Dyer adds, "As soon as you start reducing the friction, it accelerates a customer's behaviour and the technologies are there to help organisations drive that outcome."

Fairchild comments, "Don't get so carried away with your technology that you forget about the customer. What's really going to change the energy business is us - it's people, the customer."

A change in approach   

Fairchild says one trend across all customer industries SAS is seeing is the move toward looking across siloes of data and working to connect them.

"Customers are thinking about how this data about assets that sits over in this system, combined with this data about customers that sits over here, combined with this external data whether it's weather or social, can be put together to get insights they wouldn't have had if that data had stayed within those siloes."

"As a company, we've made that a lot easier with our platform that unifies analytics. Five years ago, we would've said, all your analytics need to be SAS analytics. But SAS, over the last two years, to SAS' credit, what we know is that our customers like to use different analytics.

"They may use SAS for this, and open source for that - but with this platform that we're enabling, it doesn't matter what kind of analytics you want to use. If you want to use ours, great; if ours is better for this job, do that."

"What our customers need is an overarching unifying platform so they can handle all the really difficult stuff that people don't like to talk about - like data management and data cleansing. But that's 80% of analytics.

"We had a senior executive in charge of customer relationships, and he said to me 'We have 10,000 models at my utility, and I have no idea if I go down to an individual model, who created it, how old is it, how is performing, we have no idea."

"It's going to be reassuring to our customers that see this explosion of analytics and models and for us to bring some governance to it."

Dyer adds: "In the overarching conversation of the power of data, it's the ability of SAS to provide an enterprise-grade repeatable foundation which allows lots of opportunities for organisations to leverage."

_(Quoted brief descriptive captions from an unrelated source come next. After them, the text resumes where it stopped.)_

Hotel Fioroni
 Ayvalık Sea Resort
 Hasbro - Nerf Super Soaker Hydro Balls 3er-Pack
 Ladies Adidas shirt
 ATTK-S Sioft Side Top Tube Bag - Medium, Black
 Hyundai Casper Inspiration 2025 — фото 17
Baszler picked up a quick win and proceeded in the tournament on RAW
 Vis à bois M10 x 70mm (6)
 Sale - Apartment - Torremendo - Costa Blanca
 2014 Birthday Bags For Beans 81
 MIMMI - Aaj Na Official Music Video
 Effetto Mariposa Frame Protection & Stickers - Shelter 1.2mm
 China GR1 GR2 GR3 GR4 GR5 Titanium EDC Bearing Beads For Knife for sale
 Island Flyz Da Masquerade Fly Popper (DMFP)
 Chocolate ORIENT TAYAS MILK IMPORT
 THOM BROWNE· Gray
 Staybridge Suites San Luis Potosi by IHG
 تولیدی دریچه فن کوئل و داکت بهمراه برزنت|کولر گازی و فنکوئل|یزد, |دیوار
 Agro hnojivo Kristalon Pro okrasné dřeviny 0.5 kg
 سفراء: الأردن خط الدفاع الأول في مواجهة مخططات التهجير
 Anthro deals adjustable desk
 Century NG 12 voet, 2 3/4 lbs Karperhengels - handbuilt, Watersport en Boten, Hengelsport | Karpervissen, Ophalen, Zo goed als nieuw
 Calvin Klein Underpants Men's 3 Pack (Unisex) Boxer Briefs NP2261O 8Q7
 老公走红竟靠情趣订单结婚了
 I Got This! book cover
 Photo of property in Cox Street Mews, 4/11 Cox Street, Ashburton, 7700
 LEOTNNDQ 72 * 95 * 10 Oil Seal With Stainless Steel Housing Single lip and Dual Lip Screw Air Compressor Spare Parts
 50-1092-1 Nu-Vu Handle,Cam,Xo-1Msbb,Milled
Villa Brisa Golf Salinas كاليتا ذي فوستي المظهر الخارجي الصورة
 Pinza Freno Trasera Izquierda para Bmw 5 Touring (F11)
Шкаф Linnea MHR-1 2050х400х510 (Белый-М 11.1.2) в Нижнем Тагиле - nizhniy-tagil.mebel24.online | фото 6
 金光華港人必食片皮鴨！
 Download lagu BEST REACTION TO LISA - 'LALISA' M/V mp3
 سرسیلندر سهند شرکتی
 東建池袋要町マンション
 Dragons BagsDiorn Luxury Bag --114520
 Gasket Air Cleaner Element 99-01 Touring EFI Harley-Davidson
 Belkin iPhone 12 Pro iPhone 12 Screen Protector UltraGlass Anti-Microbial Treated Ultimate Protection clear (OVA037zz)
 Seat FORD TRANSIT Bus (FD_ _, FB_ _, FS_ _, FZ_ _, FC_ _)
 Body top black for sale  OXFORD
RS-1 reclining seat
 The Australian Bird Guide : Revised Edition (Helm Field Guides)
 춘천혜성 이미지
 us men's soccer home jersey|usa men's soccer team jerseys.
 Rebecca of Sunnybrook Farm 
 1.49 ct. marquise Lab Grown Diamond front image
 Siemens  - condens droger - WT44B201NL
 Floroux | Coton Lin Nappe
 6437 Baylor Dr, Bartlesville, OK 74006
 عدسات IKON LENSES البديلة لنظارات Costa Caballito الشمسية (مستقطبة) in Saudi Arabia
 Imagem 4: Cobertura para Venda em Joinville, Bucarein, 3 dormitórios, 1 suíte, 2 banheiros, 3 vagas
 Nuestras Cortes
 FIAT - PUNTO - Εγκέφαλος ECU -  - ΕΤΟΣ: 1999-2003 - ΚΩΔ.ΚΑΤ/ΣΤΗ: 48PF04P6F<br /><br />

"We bring to the market some very unique skills, and New Zealand is what I call the hotbed of development. There are all these great things that are happening in New Zealand and Australia. In Australia, I have 27 retail choices for energy, and in New Zealand it's close to 23."

Fairchild notes, "New Zealand's energy market is growing. It's a crowded space that's becoming even more crowded."

Dyer continues, "Data analytics started around 42 years ago for SAS, and ironically, the first international client for SAS was the Bureau of Statistics in New Zealand.

"And another first, the algorithms that we use for our energy forecasting was developed in New Zealand. Multiple generations of that solution have been deployed globally."

You can't do it all - until you can

"One of the fundamental benefits of electricity is quality of life. You have to keep it affordable, you have to keep it reliable and we all want it to be as green as possible," explains Fairchild.

"But right now, you can't do all three of those things. I used to be in the PC business, I worked for Compaq. What we used to say about computers back them was 'good', 'fast', 'cheap'. Now, pick two!"

"You can't do high-quality, fast and cheap - you had to pick two of the three. It's the same with energy today - clean, reliable and affordable. Pick two.

"Someone is going to figure out how to make green energy affordable and how to make it reliable - and that someone could be a high-school student here in New Zealand, it could be a 60-year engineer in Switzerland, either way, it's going to happen. Someone will figure it out."

Fairchild continues, "I encourage people in the industry to go into high-schools and colleges and inspire the people coming out to come into the energy industry and solve a really big problem - clean, affordable, reliable energy. Go do that.

"The energy industry has to go in there and fight for that scarce talent against the banking industry, or the retail industry. IN the past, energy wasn't an exciting industry to be in."

"What the industry has to do now is go and inspire the next generation with the big problems, and tell them to clean it up."